Muitos socialistas já leram as quase 600 páginas do livro de Cavaco Silva sobre os tempos que passou em Belém e dedicaram atenção especial às duras críticas feitas aos governos liderados por José Sócrates.
Cavaco não perdoa a Sócrates o “comportamento desleal e pouco sério”. Os socialistas, principalmente os mais próximos do ex-primeiro-ministro, garantem tratar-se de um ajuste de contas. “O livro revela um grande azedume pessoal de um Presidente mal resolvido e com grandes lapsos de memória”, diz, em declarações ao i, José Junqueiro. O ex-deputado socialista considera tratar-se de “um ajuste de contas” de “um Presidente que não se enxerga” e que “saiu da função com a mais baixa popularidade de sempre”.
O ex-governante aponta ainda o dedo a Cavaco por se ter esquecido de referir nas suas memórias “o papel” que teve no BPN. “Ele é um protagonista de tudo o que aconteceu no BPN. Basta reler as primeiras páginas dos jornais para perceber que ele se esqueceu disso.”
Sócrates não demorou muito tempo a reagir ao livro “Quinta-Feira e Outros Dias”. Quarenta e oito horas depois de Cavaco ter lançado a obra no Centro Cultural de Belém, o ex-primeiro-ministro respondeu-lhe com a acusação de que o ex-chefe do Estado “não tem moral para dar lições de lealdade institucional”.
Num artigo publicado no “Diário de Notícias”, Sócrates escreve que “pela primeira vez na história democrática do país ficou provado que um Presidente concebeu e executou uma conjura baseada numa história falsa, por forma a deitar abaixo um governo legítimo em funções”.

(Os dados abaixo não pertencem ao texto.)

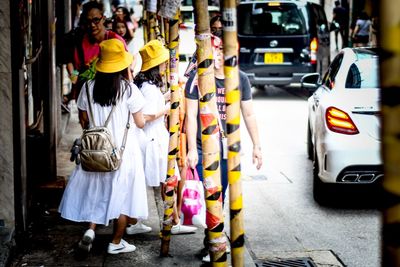 Rear view of women standing on street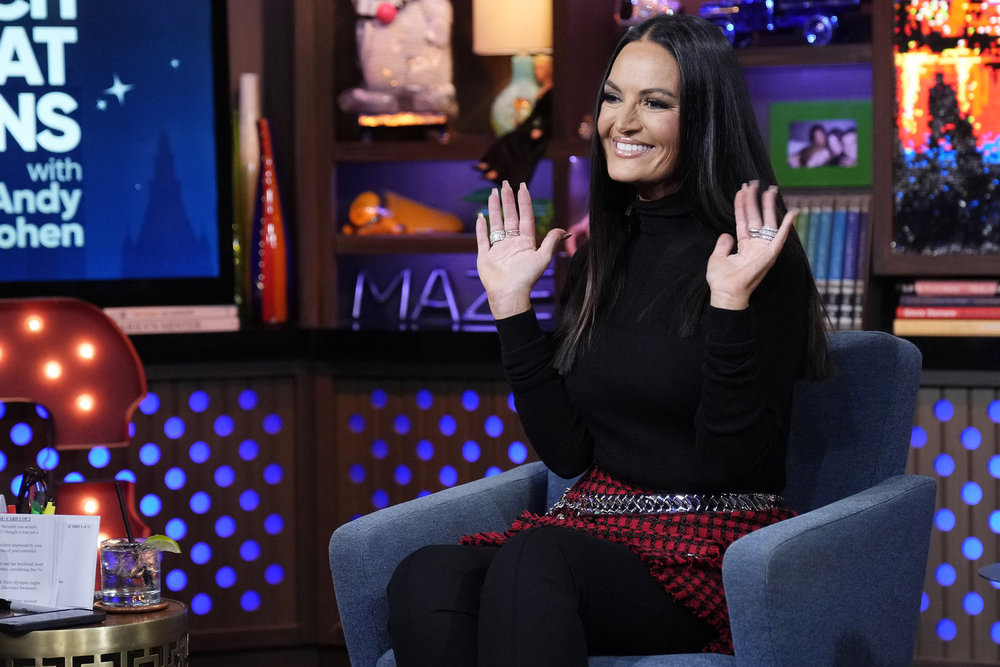 Lisa Barlow raises her hands on WWHL. 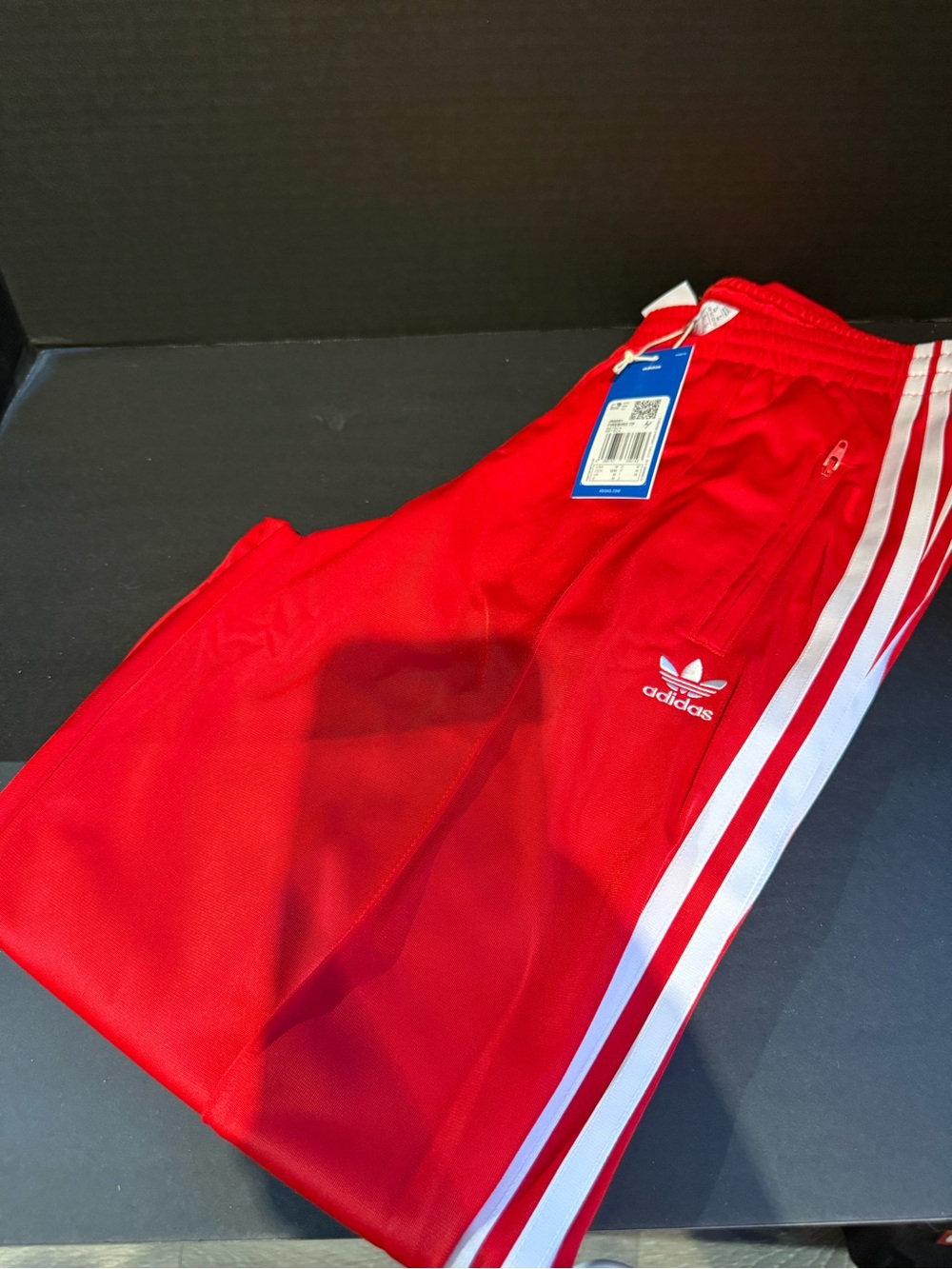 Adidas women’s Red Track Pants with White Stripes size medium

“Um precedente grave” No mesmo dia em que o ex-primeiro-ministro reagiu aos ataques do ex-Presidente, Renato Sampaio, deputado do PS, escreveu na sua página do Facebook que este livro é um “péssimo serviço à democracia”, porque Cavaco “criou um precedente grave ao revelar conversas entre o Presidente da República e o primeiro-ministro que deviam ficar na reserva das instituições”. O deputado socialista, próximo de Sócrates, acusa o ex-presidente de ter escrito as memórias movido pela “mesquinhez”.
Delação intriguista O presidente do PS, Carlos César, também não ignorou o facto político da semana. O líder do grupo parlamentar do PS considera que “o livro do antigo Presidente Cavaco Silva oscila entre o arrogo biográfico e a delação intriguista. E, como em todos os ajustes que se baseiam no rancor, a razão é toldada, a memória é traída e os factos são subvertidos”. César esteve no centro da primeira crise entre Belém e o governo, no verão de 2008, por causa do Estatuto Político Administrativo dos Açores e lembra que Cavaco “saiu com a maior impopularidade de sempre de um Presidente da República”.
São muitas e duras as críticas feitas a José Sócrates nas memórias do ex-chefe do Estado. “Pouco sério”, “desleal”, “fingido” e “uma pessoa em quem não se pode confiar” são algumas das características atribuídas ao ex-secretário-geral do PS.